I have yet to wear out any of the shimano's with the fingertip trigger.They make quality reels!!


----------



## Pigsticker (Oct 18, 2006)

Shimano has a great rep for quality and durability but they've become pricey. I read the base model Seinna was a best buy and Im sure it is. Imo though ounce for ounce dollar for dollar the Pflueger President is the best all around bargain that's quality built. With the Dicks coupon u can get one for $45. Its been my primary spinning reel for 3 years now and its got zero problems and i use it probably 10 hours a week.


----------



## Bassbme (Mar 11, 2012)

saugmon said:


> I love the shimano spirex's with the rear fighting drag. The 1000 is a great size. You don't even have to open the bail up manually.Finger the trigger,bail opens and line is on your casting finger..No matter where the trigger is at,a simple backward motion gets that trigger to the exact spot every time for your next cast.
> 
> I have yet to wear out any of the shimano's with the fingertip trigger.They make quality reels!!
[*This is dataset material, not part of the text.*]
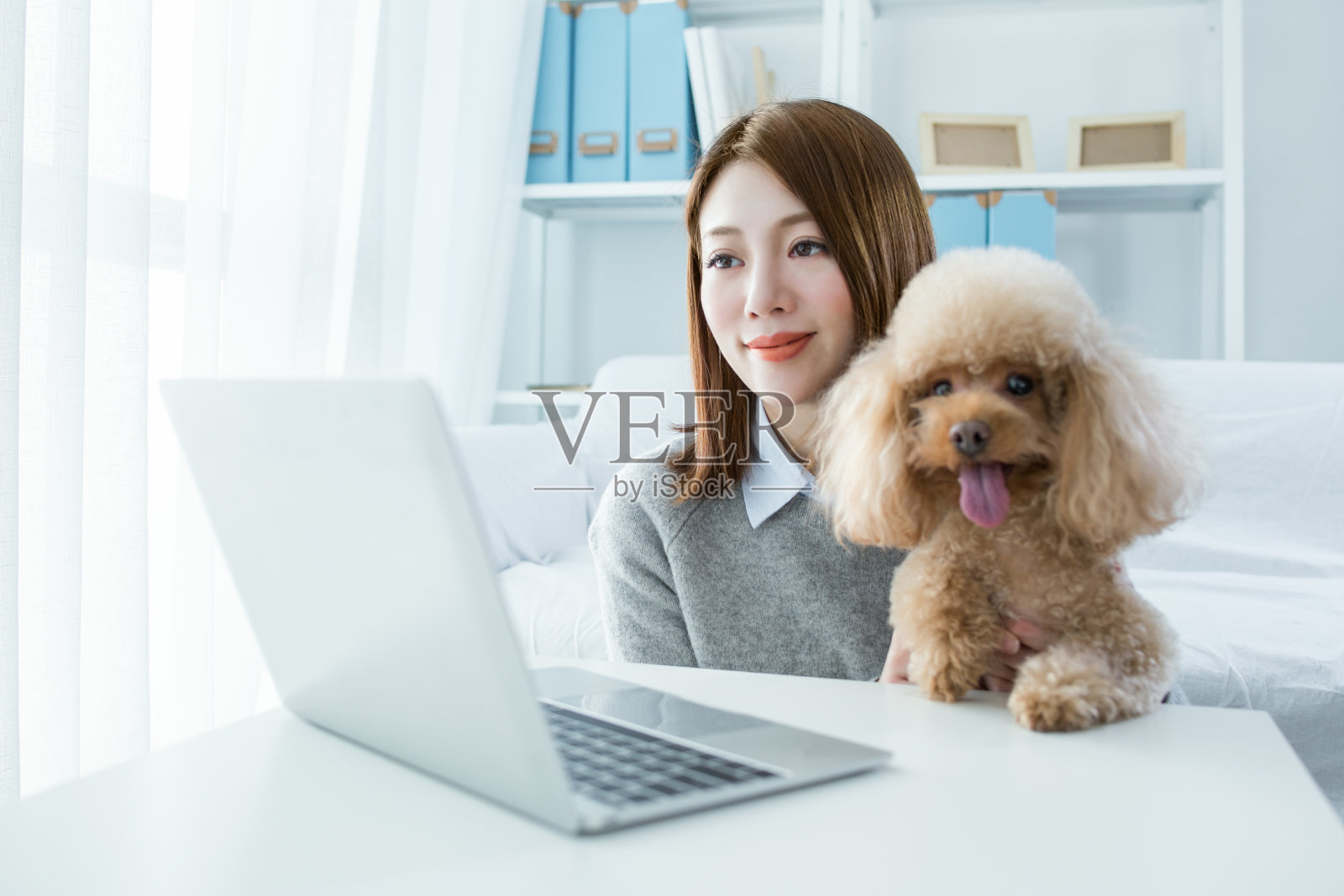 家里有只可爱的狗的女人照片摄影图片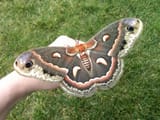 Cecropia-moth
I'm not picking or discounting your opinion. I'm just sharing mine and my experiences. Personally I got away from the trigger actuated spinning reels years ago. The thing that you described that makes them nice as far as putting the trigger in the right spot to cast, is also the thing that makes them IMO a poor choice for fishing any technique that you aren't constantly reeling. If you're fishing any kind of slack line presentation the reel spins back against itself on the hook set. It doesn't stop until it hits the centering position. That's not good for hook setting. Even if you're holding the handle, or you're reeling, the handle still spins back a little until your hand pressure stops it. Heaven forbid you don't have your hand on the handle when you set the hook, and it slams back to the centering position. It will eventually break. And when it does it will sound like it exploded.


----------



## Pigsticker (Oct 18, 2006)

Bassbme said:


> I'm not picking or discounting your opinion. I'm just sharing mine and my experiences. Personally I got away from the trigger actuated spinning reels years ago. The thing that you described that makes them nice as far as putting the trigger in the right spot to cast, is also the thing that makes them IMO a poor choice for fishing any technique that you aren't constantly reeling. If you're fishing any kind of slack line presentation the reel spins back against itself on the hook set. It doesn't stop until it hits the centering position. That's not good for hook setting. Even if you're holding the handle, or you're reeling, the handle still spins back a little until your hand pressure stops it. Heaven forbid you don't have your hand on the handle when you set the hook, and it slams back to the centering position. It will eventually break. And when it does it will sound like it exploded.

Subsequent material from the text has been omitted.